If you’ve ever dealt with Nginx and its dynamic modules, you know the drill. An Nginx package update hits, and suddenly your custom modules – like ModSecurity or GeoIP2 – are no longer compatible. The whole process is a headache: you have to stop Nginx, recompile your modules against the new version, copy the files, and restart the service.
I was looking for a way to automate this. The goal was simple: ensure that dynamic modules are always compatible with a new Nginx version. And if the recompilation fails for any reason, the entire Nginx update must be aborted (a critical fail-safe).
The Challenge: Choosing the Right Hook (And Why it’s Hard)

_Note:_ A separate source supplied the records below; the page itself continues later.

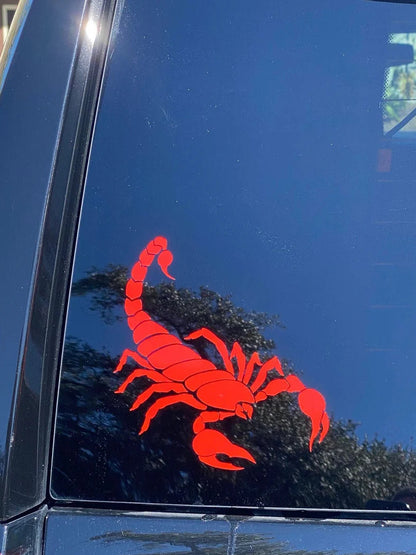 Red scorpion decal on a black car window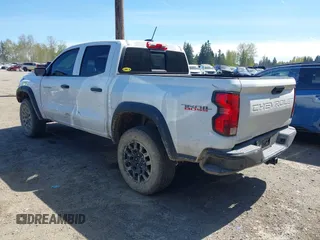 2023 Chevrolet Colorado 4WD Trail Boss with VIN 1GCPTEEK2P1203392, listed as a IAAI auction lot 42043211 with 27,589 mi miles. Bid and sale history available at carsss.com. Image 3.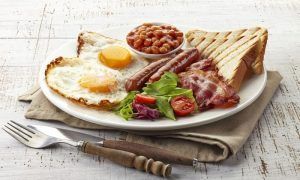 Disfrute de un brunch romántico en el Restaurante Gaztedi-Berria, que ofrece un desayuno inglés completo con huevos, tocino, salchichas, frijoles, tostadas y ensalada servido en un plato blanco con cubiertos. - ForTwo - Planes para parejas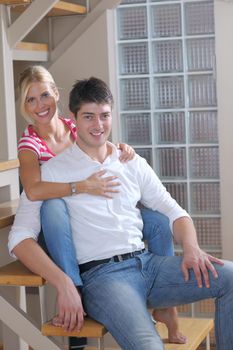 Relaxed young  couple watching tv at home in bright living room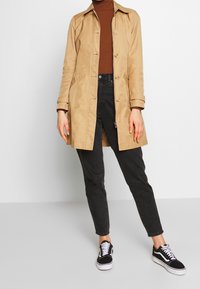 Beige kevyt trench coat, jossa on kaulus, napitettu etuosa, yhdistetty ruskeaan ribattu villapaitaan ja mustiin korkeavyötäröisiin farkkuihin sekä mustiin lenkkareihin.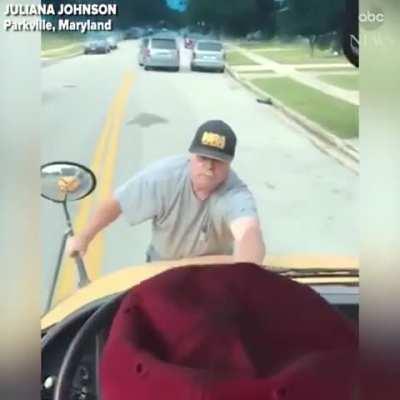 Guy jumps on hood of a school bus after a student threw a water bottle that hit his car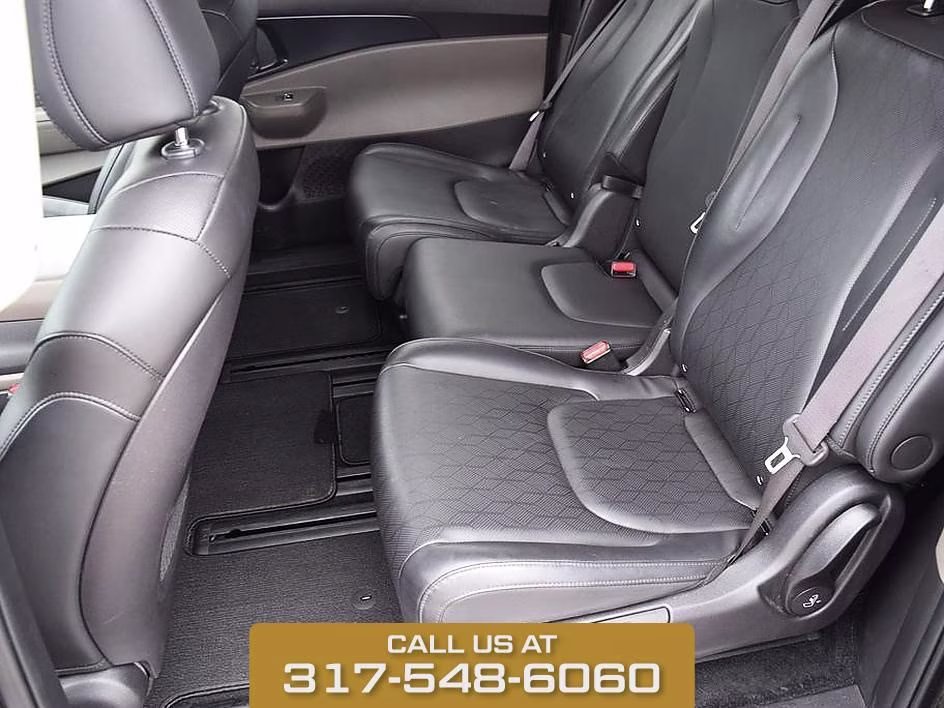 2025 Aurora Black Kia Carnival LXS FWD Van
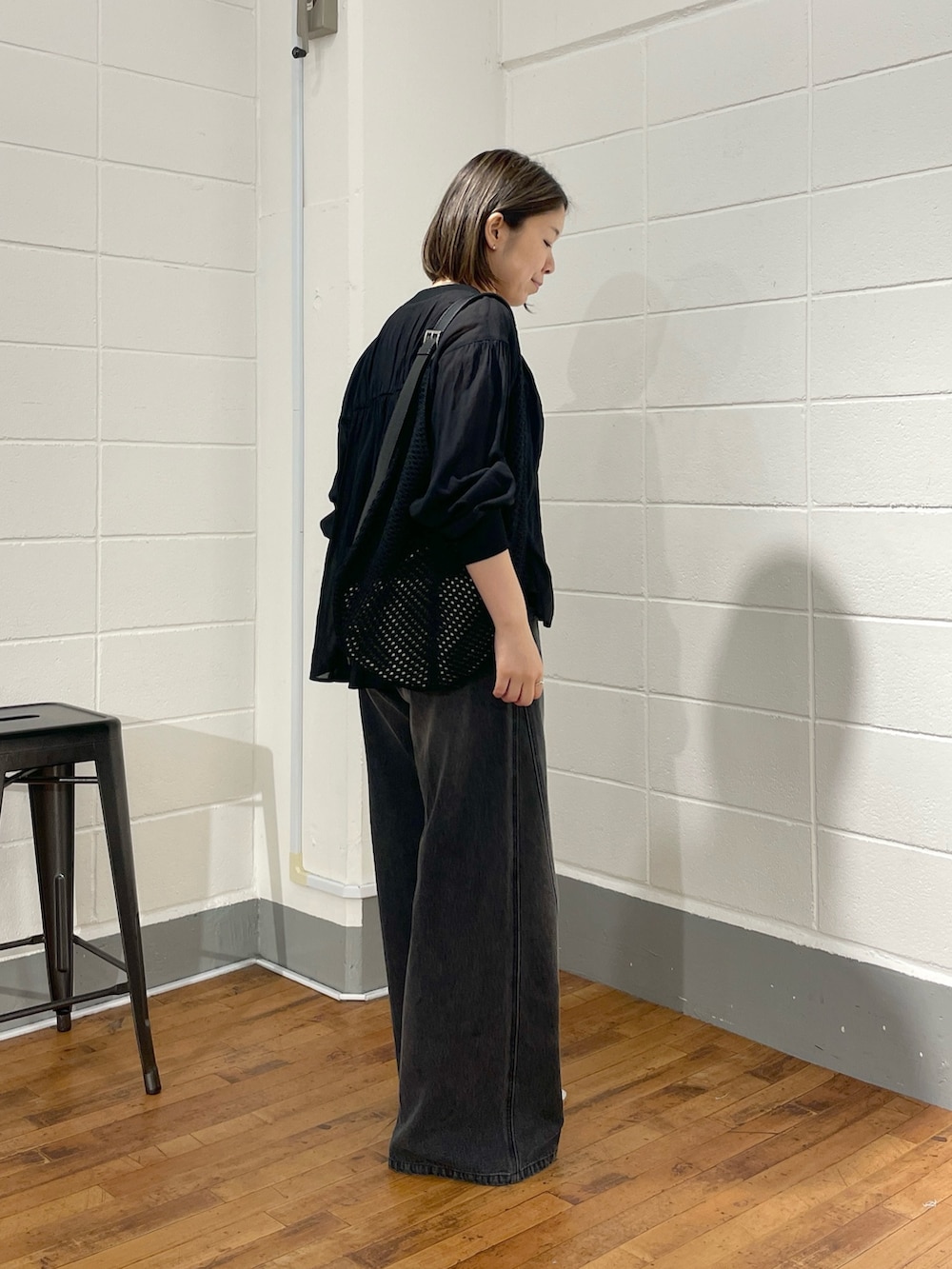 ブラック系のデニムパンツ、ブラック系のシャツ/ブラウス、ブラック系のショルダーバッグを着用したレディースの夏コーディネートの2枚目の写真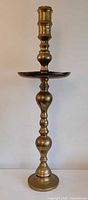 full view of tall brass altar candle stand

My initial thought was to use a simple dpkg hook (pre-install.d/). It seemed logical: the hook runs right before the package is unpacked. However, for some reason, it did not work at all; I was unable to find a reason for this but the script was not run at all.
The solution was to switch to an APT Hook, specifically DPkg::Pre-Invoke. This hook triggers reliably before the dpkg transaction even starts. If the hook’s script exits with a non-zero code, the entire apt command fails. This is exactly the kind of fail-safe mechanism I needed to guarantee the Nginx update would be blocked if anything went wrong.

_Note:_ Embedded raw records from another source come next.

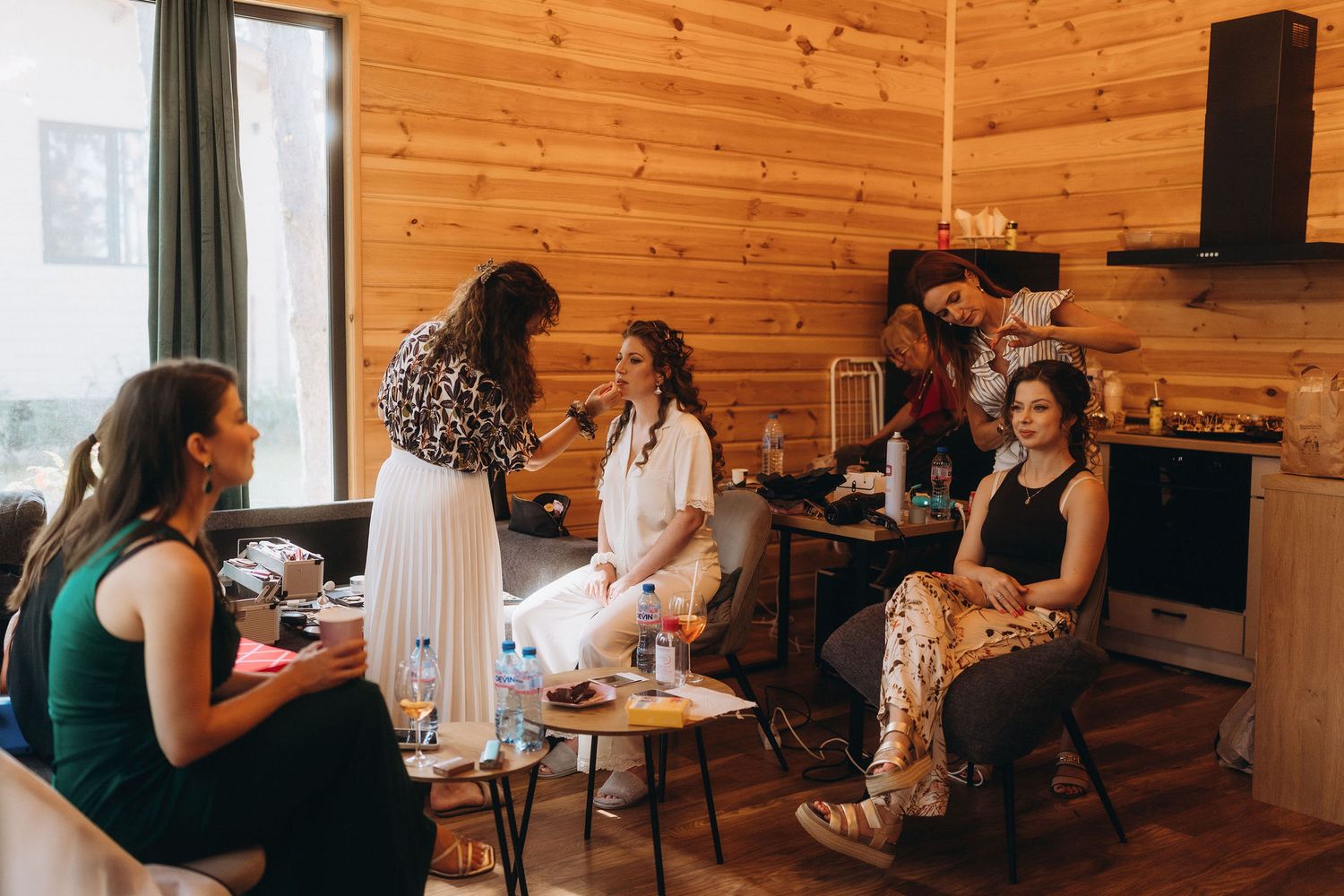 Women gather in a cozy wooden cabin for bridal party preparations, with makeup and hair styling in progress.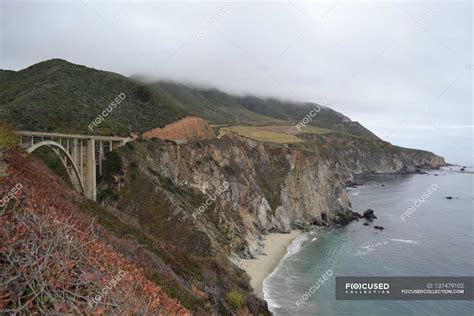 Bixby bridge along top of rugged cliffs — scenics, Built Structure ...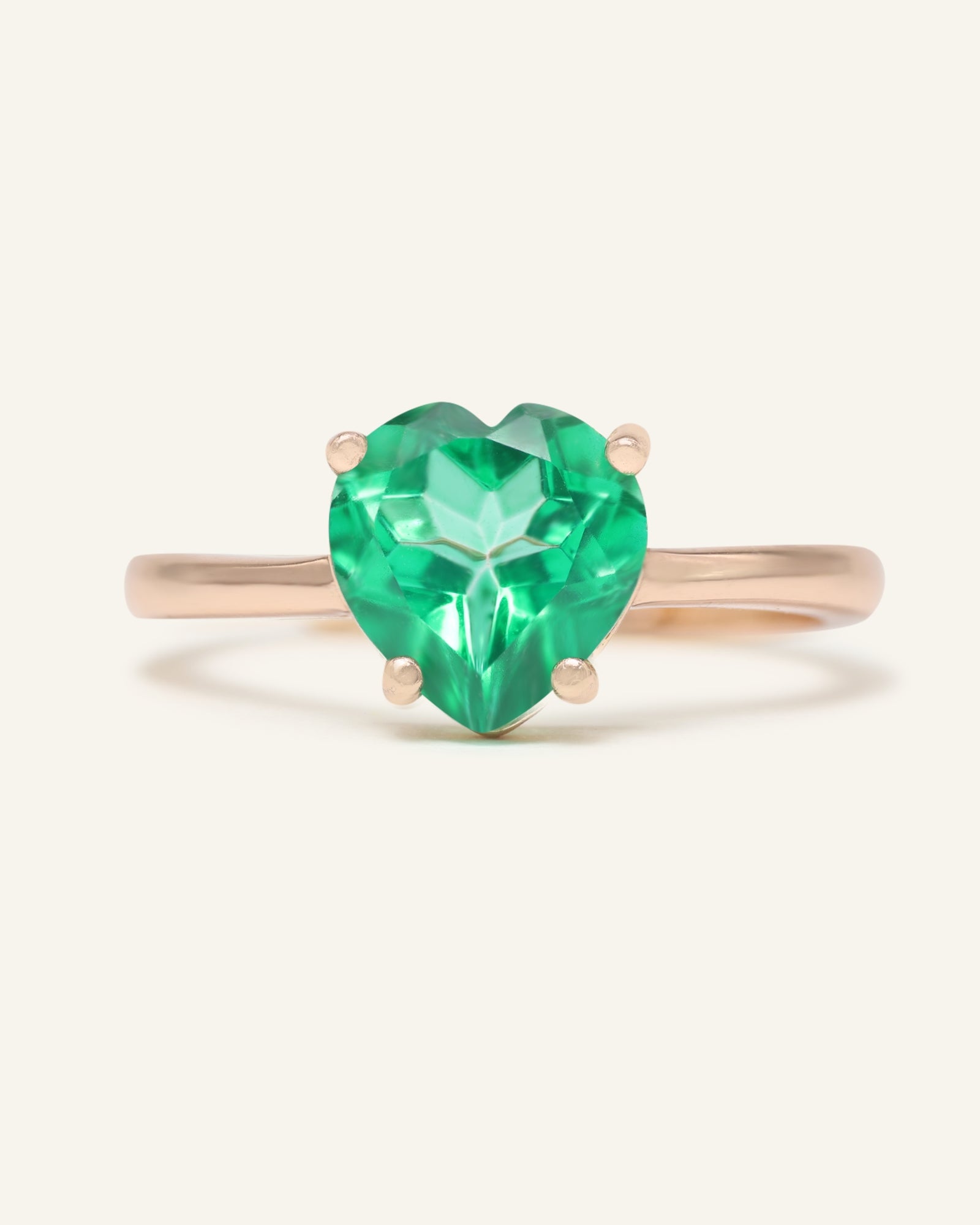 Paraiba Topaz Heart Ring | XL in rose gold, resting on a warm linen background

# /etc/apt/apt.conf.d/10nginx-pre-invoke
DPkg::Pre-Invoke { "/usr/local/bin/nginx-pre-invoke-hook.sh"; };
The Once And Only Once Principle (OAOO)
As I was building the script, I knew I wanted to avoid hardcoding and make it easy to manage new modules in the future. I’m a big fan of the “Once And Only Once” (OAOO) principle.
My solution: I used a Bash array called MODULE_REPOS. Now, to add a new module, I just add its Git URL to the array. The script handles the rest automatically—cloning, pulling, compiling, and copying. No more repetitive code blocks for each module.
MODULE_REPOS=(
"https://github.com/owasp-modsecurity/ModSecurity-nginx.git"

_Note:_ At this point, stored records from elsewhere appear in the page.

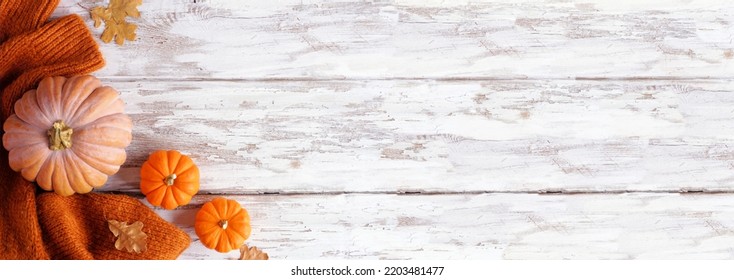 Cozy Autumn Corner Border With Pumpkins, Leaves And Sweater. Overhead View On A Rustic White Wood Banner Background.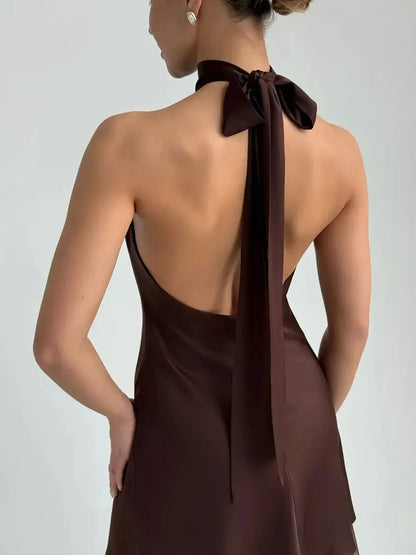 Mocha Silk Mini dress showcasing a refined halter neckline and sculptural bow tie, perfect for wedding guest or prom.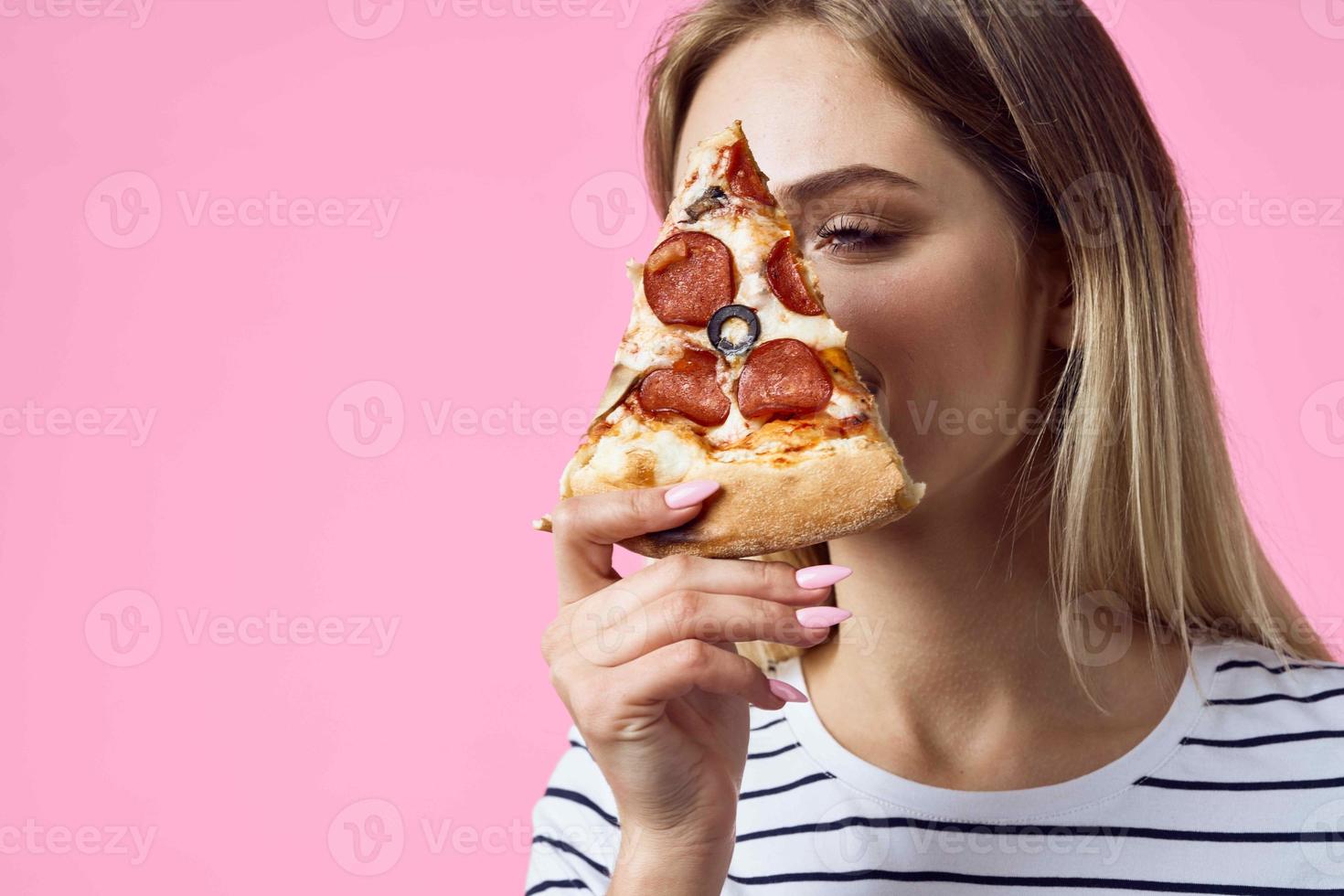 mujer en a rayas camiseta con Pizza en manos rápido comida bocadillo rosado antecedentes foto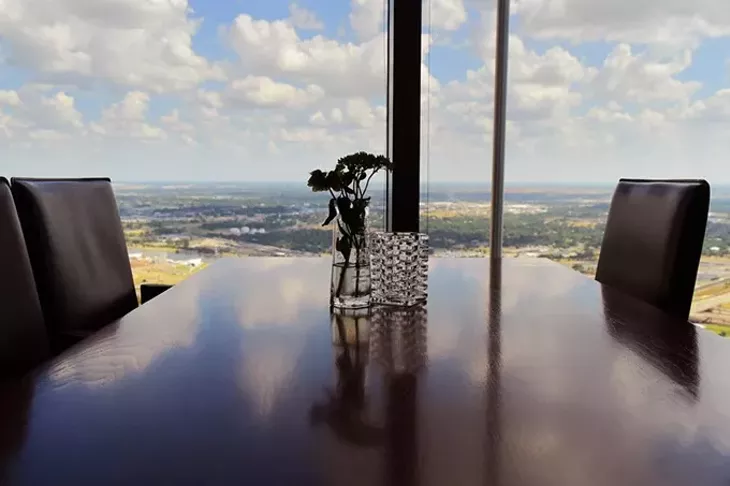 Table view from Vast, 333 west Sheridan Avenue, at the top of the Devon Tower in Downtown Oklahoma City, 9-4-15. - MARK HANCOCK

"https://github.com/leev/ngx_http_geoip2_module.git"
)
I also built some helper functions, like run_command_quietly and manage_repo, to streamline the code. These functions handle common tasks like error checking, debugging, and Git operations, which makes the main script clean and easy to read. (These helper functions are included in the main script below.)
Critical Lessons Learned: Stability and State
Building a production-ready script isn’t just about writing code; it’s about hardening it against failure and the unpredictable nature of apt environments. My journey revealed several vital lessons:
- The State Problem: The DPkg::Pre-Invoke hook is executed so early that I hypothesize it struggles to reliably determine the true intent of explicit actions (like reinstall or downgrade), often leading to failures to trigger when needed. The final logic must rely on a combination of version status and a targeted check for explicit actions.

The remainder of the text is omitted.